The second explosion threw the men still standing to the ground, only to rise shakily to their feet again when all realized it hadn't been near them and they only experienced the passing explosive force of air. Chris wove over to stand above the two dead outlaws, and looked scornfully at the remaining, wounded one, still on his knees, moaning in pain. Buck staggered out from the porch of the restaurant and joined Chris, putting a steadying hand on his old friend.
Nathan was grabbing, none to gently, at the living outlaw's hand, checking to see the damage as he tossed aside the man's guns. JD and Josiah were already moving into the bank with drawn guns to make sure it was empty and check for anyone left behind within.
Into this bustle of sudden movement, the sound of Mary's shriek was piercing. "Billllllllllyyyyyyyy!"
Then she was darting across the street toward what remained of the front of the grange.
Vin was the first to reach the site of the explosion, having already been heading in that direction as the dust settled from the shoot out. He grabbed at broken pieces of wood planking and dragged them aside, somewhere under the collapsed porch roof were his friend Ezra and some kids. He was trying futilely to lift the tin roofing sheet when two other sets of hands joined his. Chris and Buck were at his sides, lifting with him. The three men quickly dragged off the roofing and exposed a jumble of additional timbers, beneath which they could see the back of Standish's jacket, the dark burgundy color draping an unmoving form.

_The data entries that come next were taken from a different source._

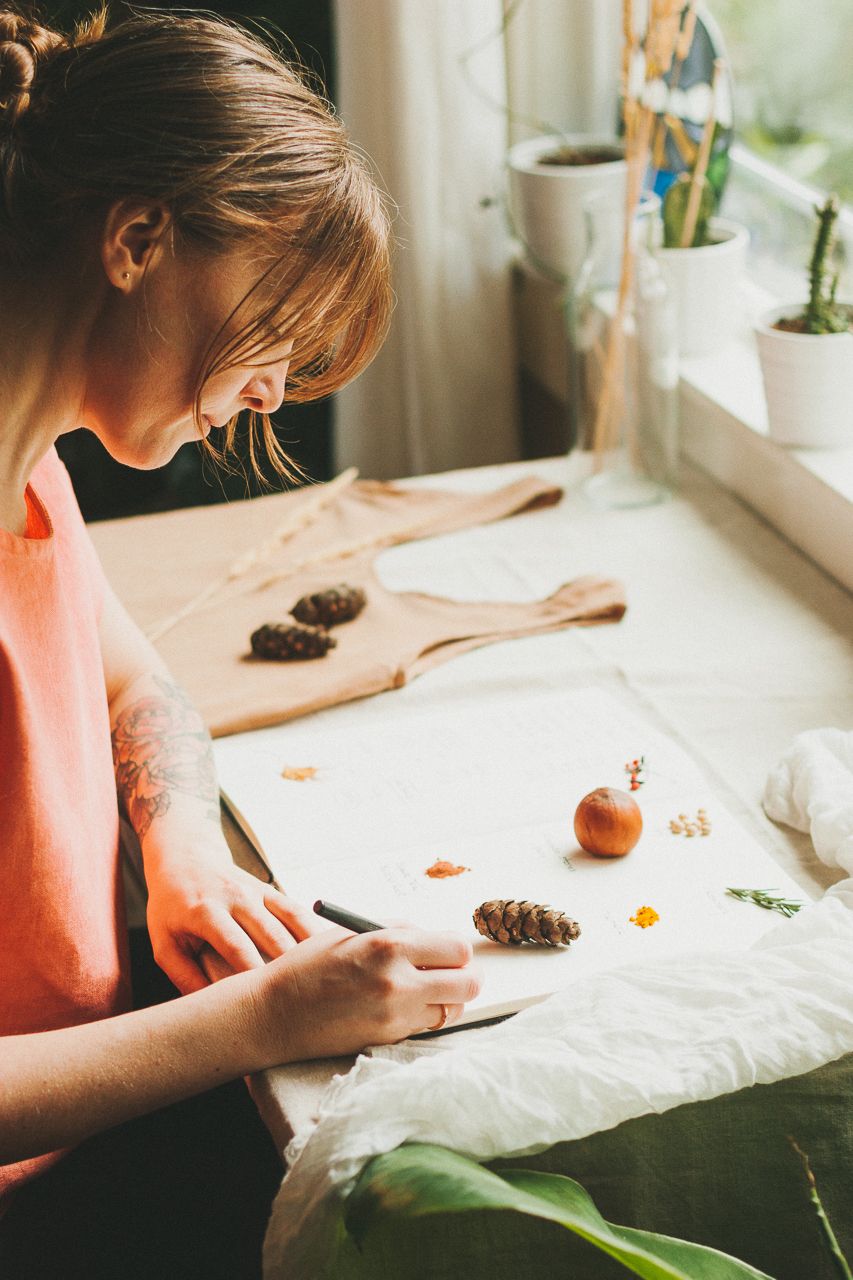 Natural Dyeing with Elizabeth Suzann by Conscious by Chloé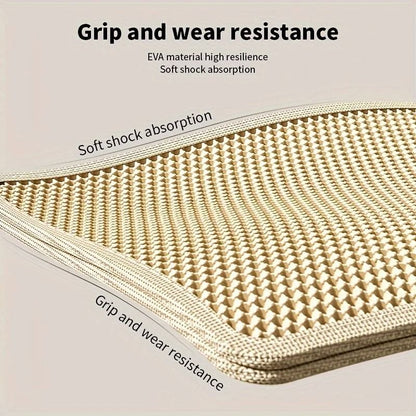 Double Layer Honeycomb Cat Litter Mat Waterproof and Easy Clean Design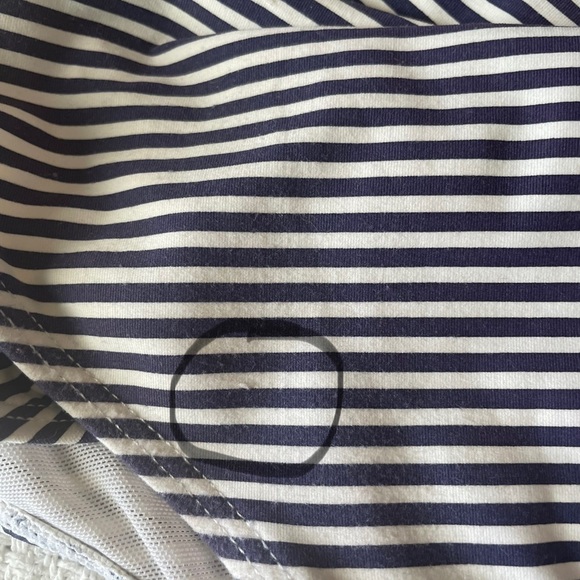 NipTuck Navy Ahoy twist front design and tummy control I piece swimsuit - Picture 10 of 10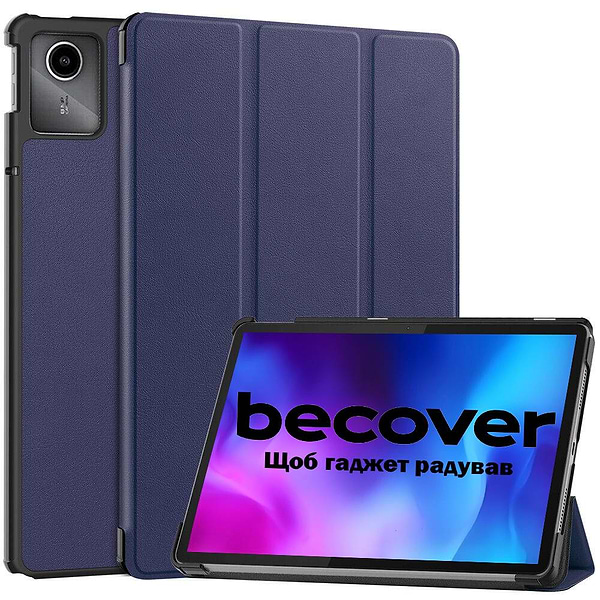 Фото - Чехол для планшета BeCover Smart Case for Lenovo Tab M11 (2024) TB-TB330FU/Xiaoxin Pad 11 (2024) 11"" Deep Blue (710455)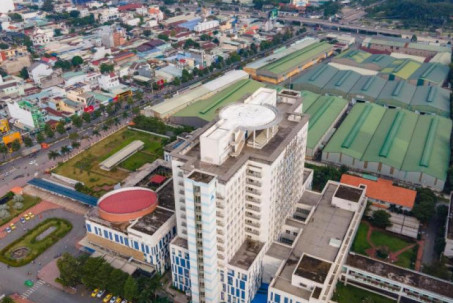 Cận cảnh bệnh viện nghìn tỷ liên quan vụ loạt cựu lãnh đạo tỉnh Đồng Nai "xộ khám"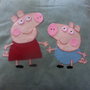 FODERA CUSCINO PEPPA PIG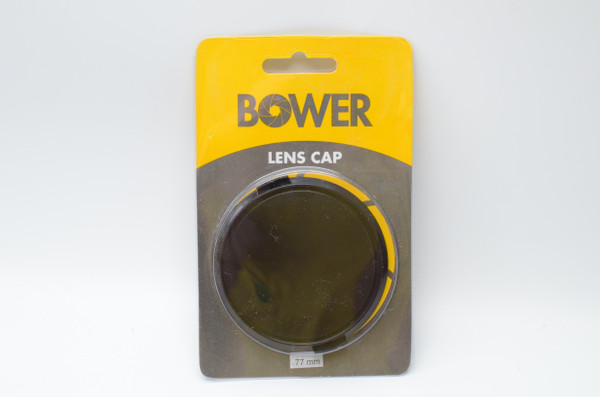 Pre-Owned Bower 77mm Plastic Lens Cap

Mary stood hovering over the working men, eyes fixed on the shambles in front of her. Somewhere in there was her Billy. Unconsciously, she wrung her hands and leaned forward, biting at her lower lip in her fear.
Now that the men could see Ezra, they moved with care and more planning in their actions, picking out which pieces of board and tin to lift to free their friend. There had so far been no sign of Billy, though they too had seen Billy and the other boy half-hidden behind the southerner when he called out his challenge to the outlaws. Silently, or with only grunts at their efforts, they continued to unearth their friend's body.
With a mighty heave Buck and Chris lifted and tossed aside the last remaining shaft of wood, Vin sliding in beside Ezra's quiet form as they did so. "Ez? Can you hear me?" Vin's hoarse demand was not answered.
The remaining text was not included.